Türk Sanayici ve İşinsanları Derneği (TÜSİAD) olağan Genel Kurul toplantısını düzenledi. Açılış konuşmasını yapan TÜSİAD Yüksek İstişare Konseyi Başkanı Tuncay Özilhan mevcut ekonomik durumun vazgeçilmez sorunlarını, “Yüksek enflasyon, TL’nin değerindeki istikrarsızlık, cari açık, düşük katma değerli üretim, orta gelir tuzağı, nitelikli eleman sorunu” olarak sıraladı.
Bu sorunların olduğu gibi devam ettiğini dile getiren Özilhan, sorunları kesin ve kalıcı olarak çözmek yerine sadece palyatif çözümlerin vakit kaybına yol açtığını ve yapısal sorunların ertelendiğini belirtti.
Üretim artışı sağlanmadan makro ekonomik sorunlarda kalıcı iyileşmenin mümkün olmadığının altını çizen Özilhan, refahın adil dağıtılmasına dikkat çekti.
Yüksek enflasyon ve refah üretmeyen büyümenin geçim sıkıntısı getirdiğinin altını çizen Özilhan, yıllardır aynı sorunları yaşayan ülkenin 2024 yılında hâlâ gelir adaletsizliğiyle mücadele ettiğini dile getirdi.
“Rasyonel politikalara bağlı kalınmalı”
Özilhan’ın ardından söz alan TÜSİAD Başkanı Orhan Turan, çok zorlu bir ekonomik dönemden geçtiklerini ve ekonomideki ateşi sürdürmek için rasyonel politikalara bağlı kalınması gerektiğini söyledi.
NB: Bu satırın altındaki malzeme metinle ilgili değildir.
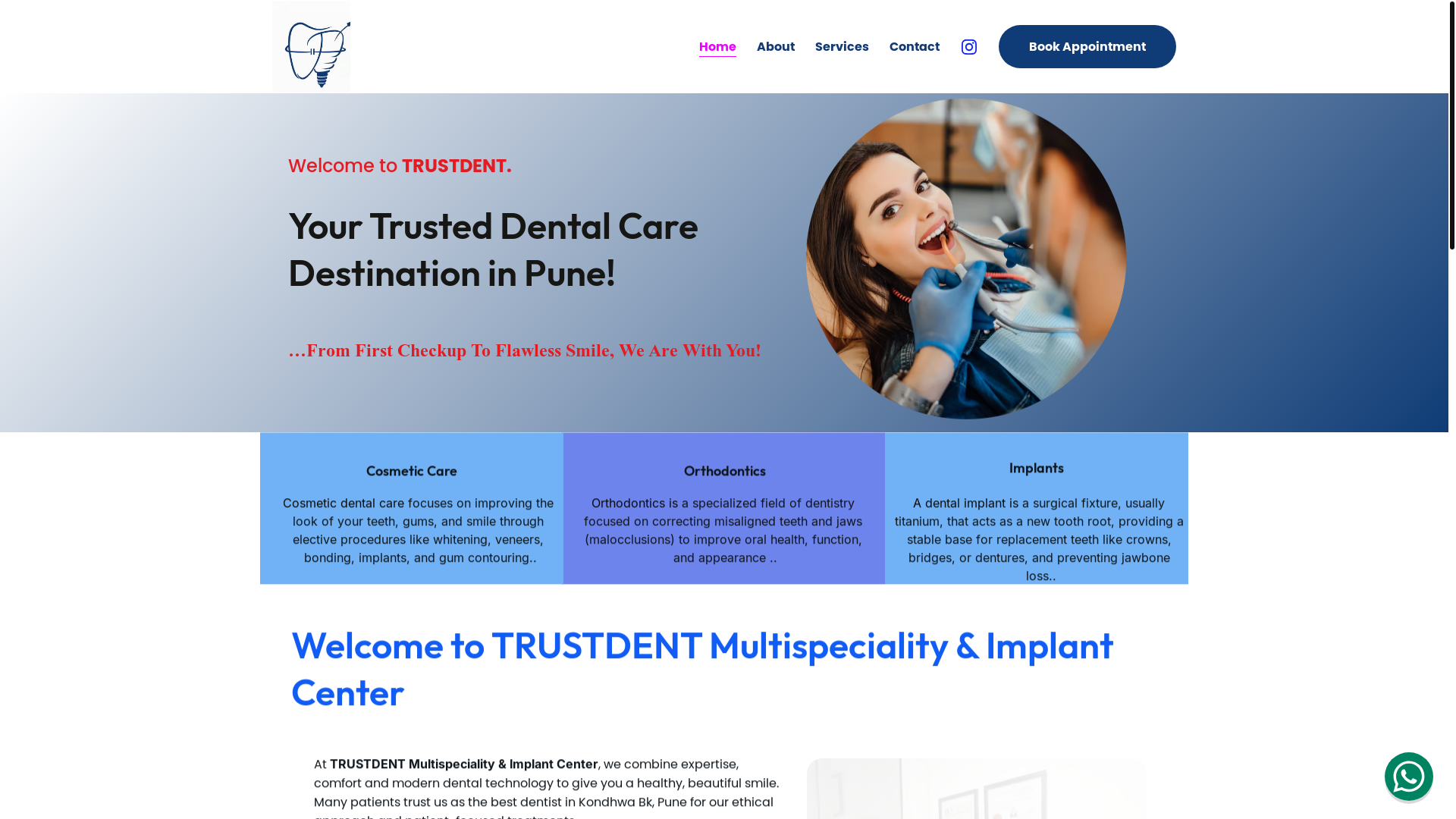 website screenshot of https://trustdentdentalclinic.com/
Turan, enflasyonunun sabit gelirlilere etkisinin hafifletilmesinin önemli olduğunu vurgulayarak şunları söyledi:
– Üretim yapısını dönüştürmeden, verimlilik artışı sağlamadan, sanayi ve tarımda yüksek katmadeğerli üretimi artırmadan, beyin göçünü önlemeden, nitelikli eğitim sorununu çözmeden enflasyonda kalıcı iyileşme elde edemeyiz. Geçim sıkıntısını çözemeyiz. Cari açık sorununu tarihe havale edemeyiz. İstihdam yaratamayız. Orta gelir tuzağından kurtulup yüksek gelirli ülkeler arasına katılamayız.
– Ekonomimizin rekabetçiliğini artırmak için kayıtdışılıkla mücadeleyi güçlendirmeliyiz.
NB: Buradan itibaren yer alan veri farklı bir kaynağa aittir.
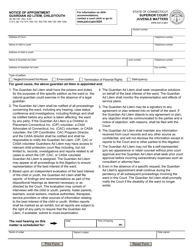 Document preview: Form JD-JM-100 Notice of Appointment Guardian Ad Litem, Child/Youth - Connecticut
– Her düzeydeki mahkeme kararının parçası olduğumuz uluslararsı normlara ve sözleşmelere uygun olması gerekiyor. Yargının hakemliği konusundaki tereddütleri ortadan kaldırabiliriz.
– Milli iradenin tecelli etmesi, milletin oyu ile seçilmiş vekillerin ve yerel yönetimlerin görevlerini yapmalarını gerektiriyor.”